TASK INPUT:
◆ ◆ ◆ ◆ ◆

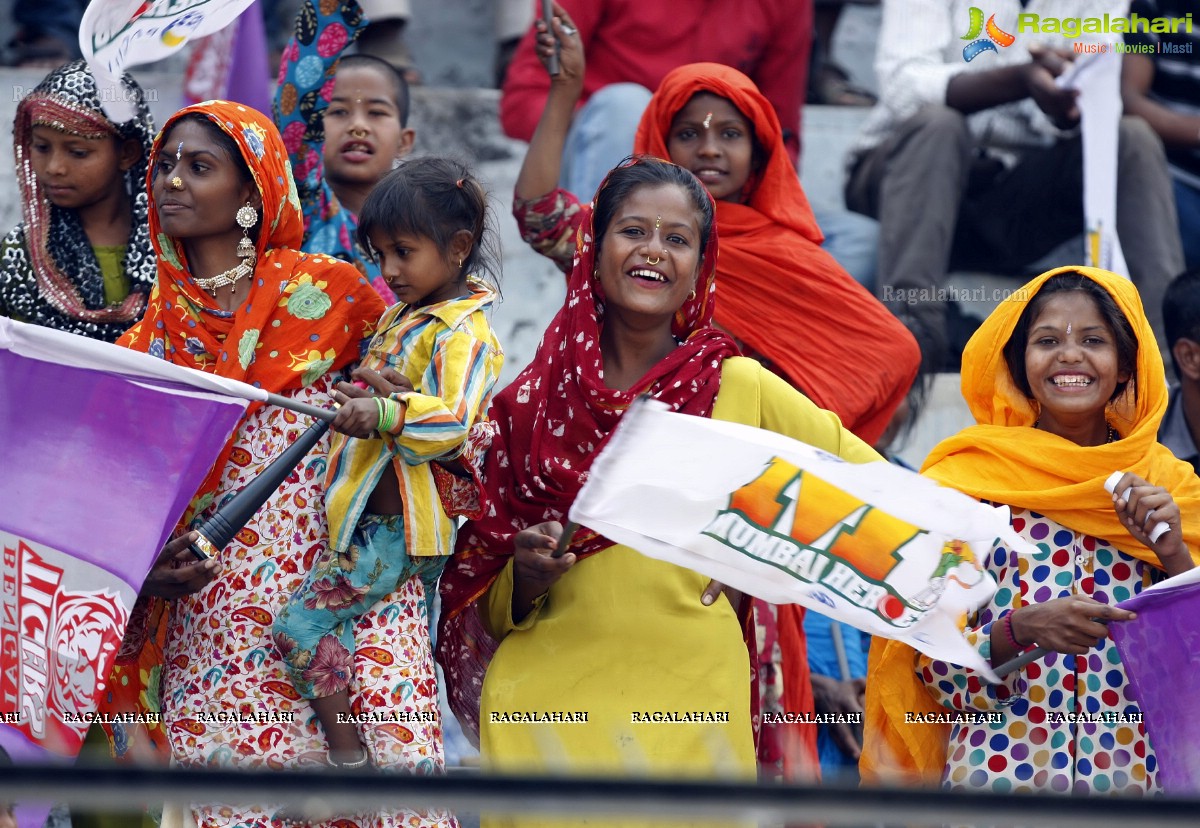 CCL 4: Bengal Tigers Vs Mumbai Heroes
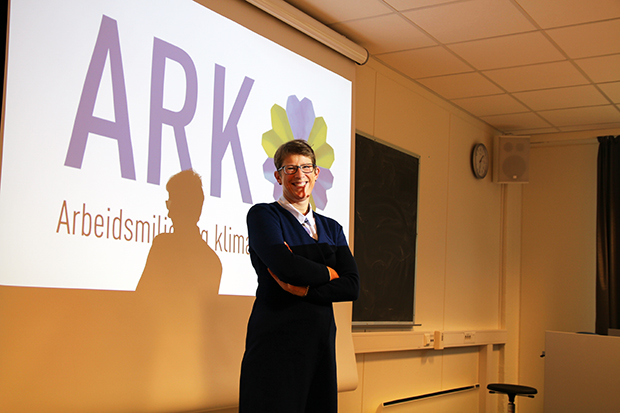 db678688fff83bb0d29ae40c99dbe777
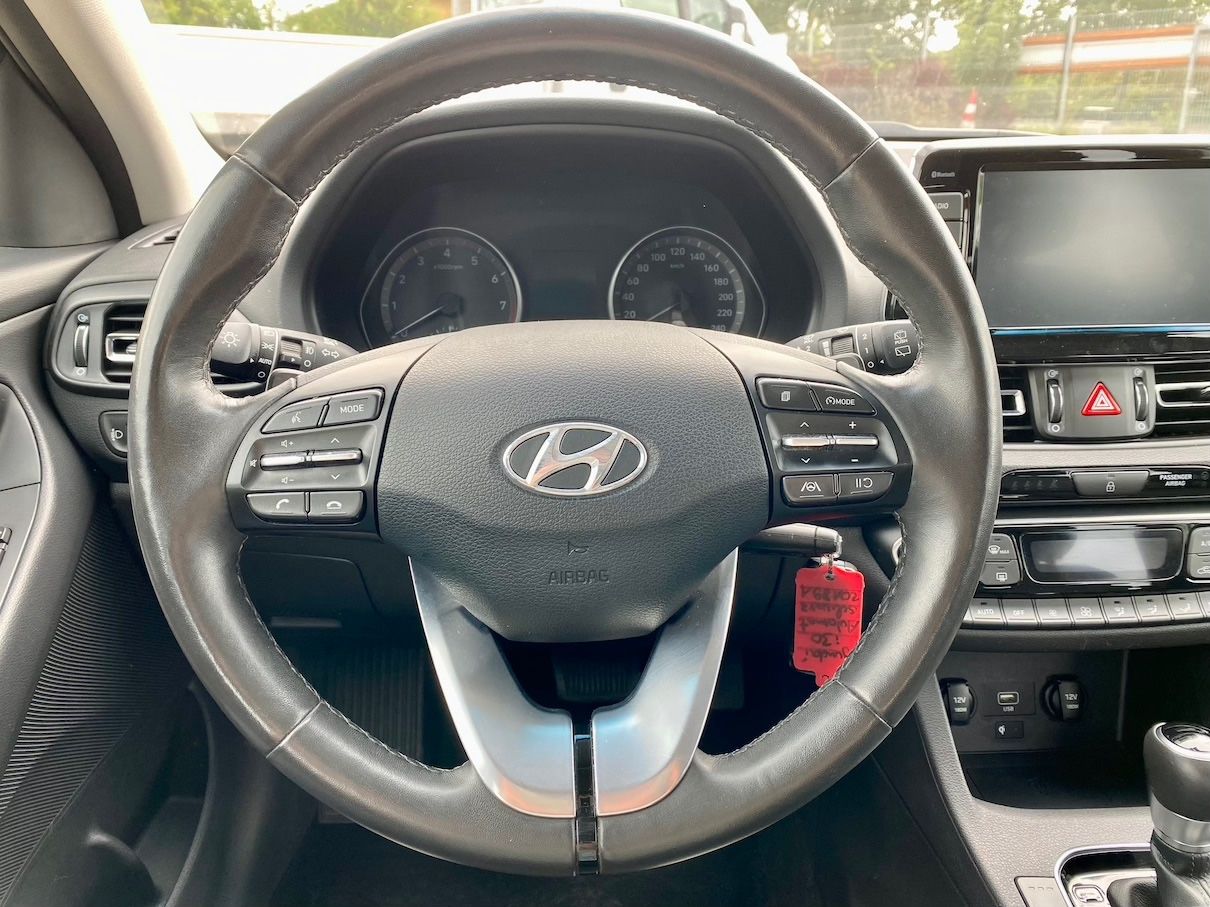 Fahrzeugabbildung Hyundai i30 1.0 DCT AAC SHZ ALLWETTER ALU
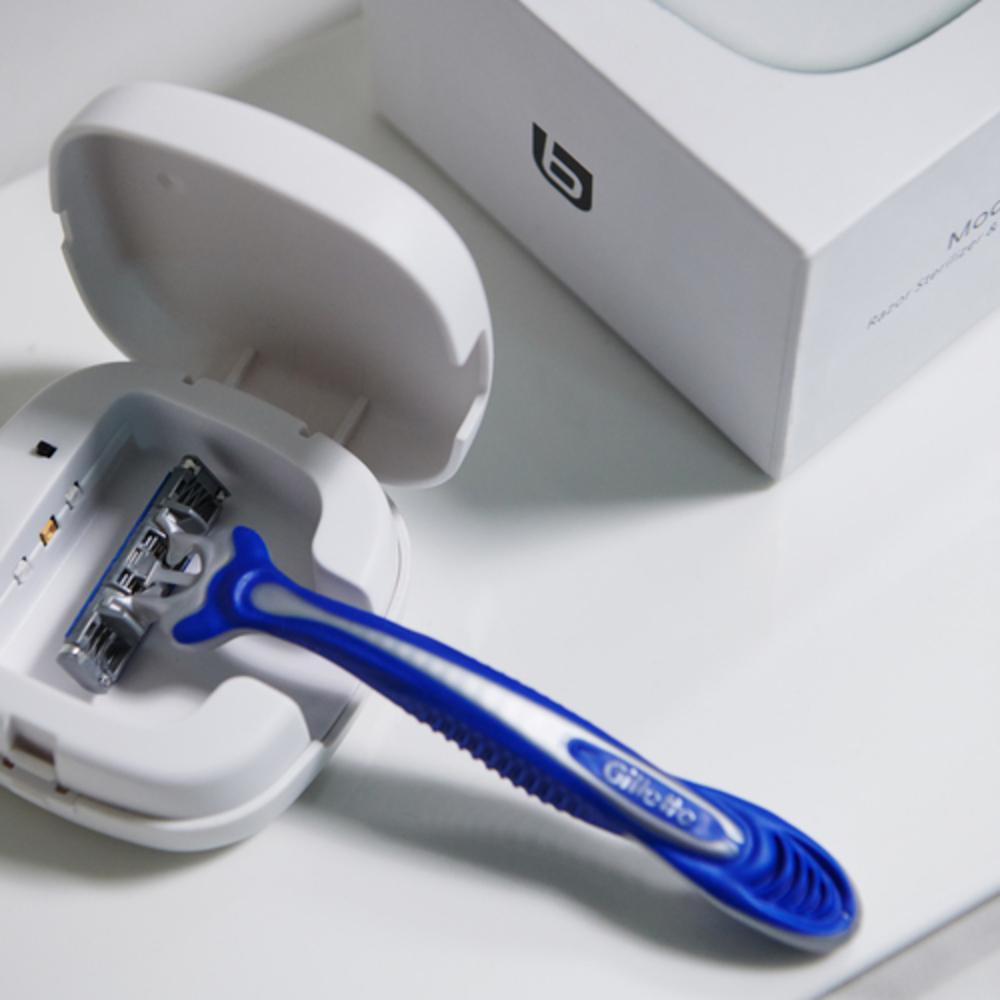 Portable Razor Sterilizer & Case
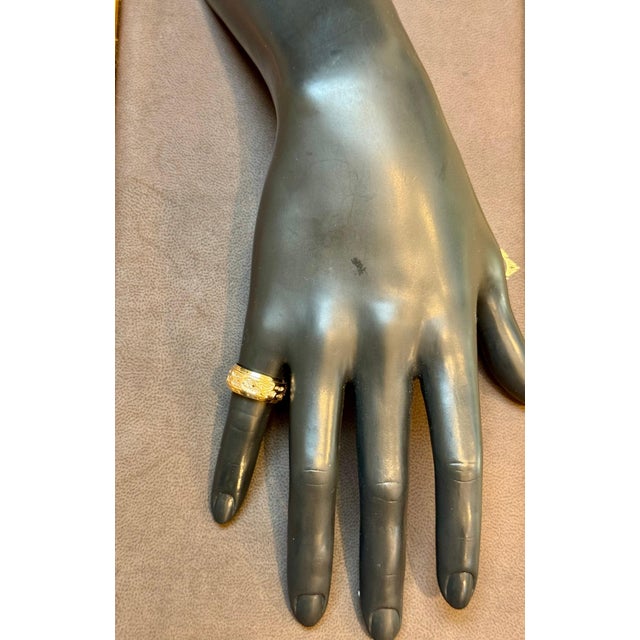 Early 21st Century 14 Karat Yellow Gold Classic Wide Wedding Band With Design Ring, Unisex Size 4.5 For Sale - Image 5 of 18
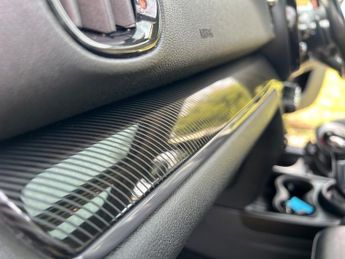 MINI Countryman COOPER S ALL4 1 OWNER FROM NEW MINI SERVICE HISTORY PAN ROOF SAT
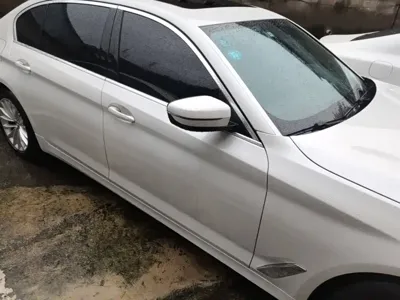 BMW 5 Series 2020, 117600 км, за 22086.09 USD
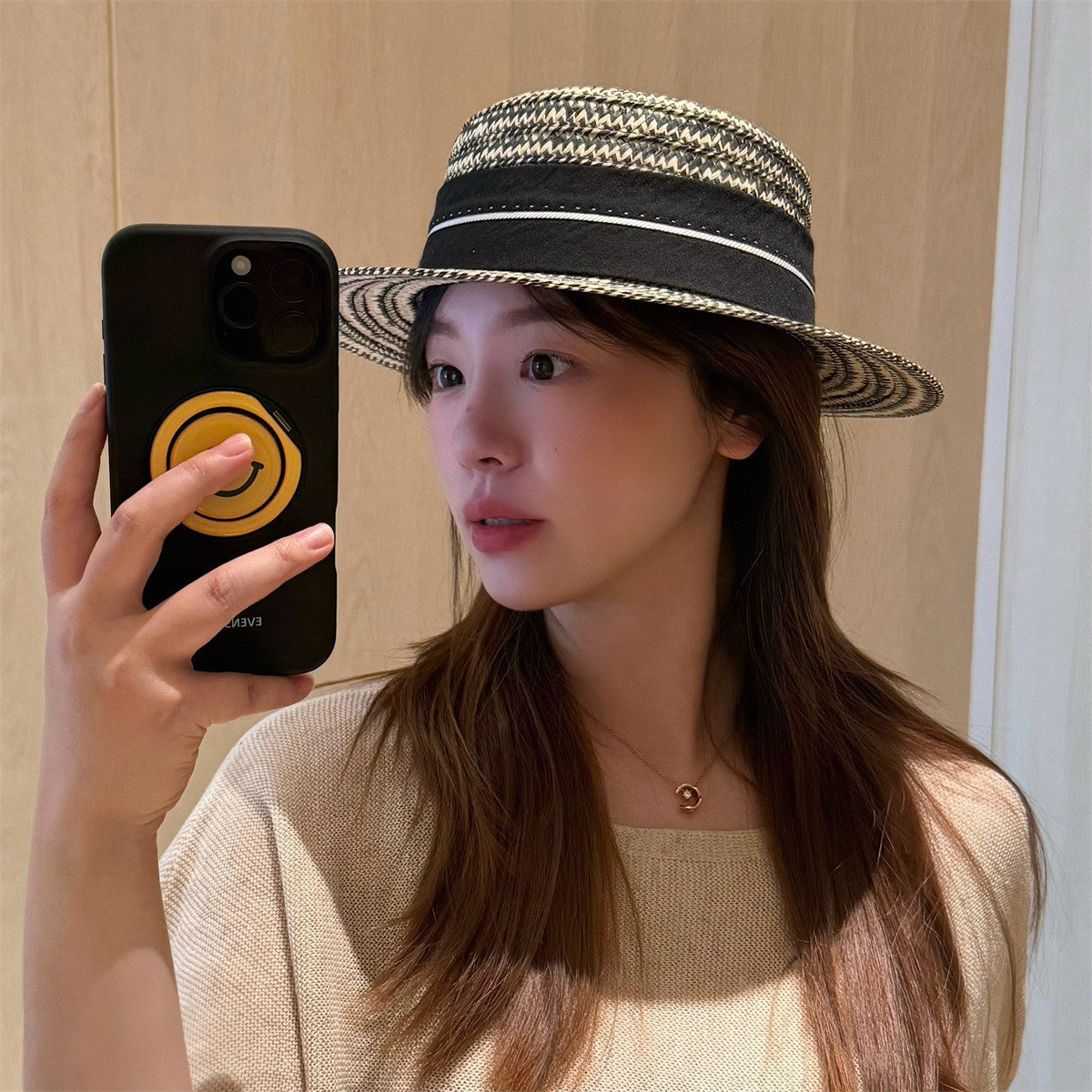 French Style Women’s Stripe Straw Hat With Short Brim, Featuring UV Protection And Braid Craftsmanship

◆ ◆ ◆ ◆ ◆

ABOUT THIS TASK: Please output exactly the lines of the data above, from its first line through the line with "Early 21st Century", and nothing else; drop the pictures.

RESULT:
 CCL 4: Bengal Tigers Vs Mumbai Heroes
 db678688fff83bb0d29ae40c99dbe777
 Fahrzeugabbildung Hyundai i30 1.0 DCT AAC SHZ ALLWETTER ALU
 Portable Razor Sterilizer & Case
 Early 21st Century 14 Karat Yellow Gold Classic Wide Wedding Band With Design Ring, Unisex Size 4.5 For Sale - Image 5 of 18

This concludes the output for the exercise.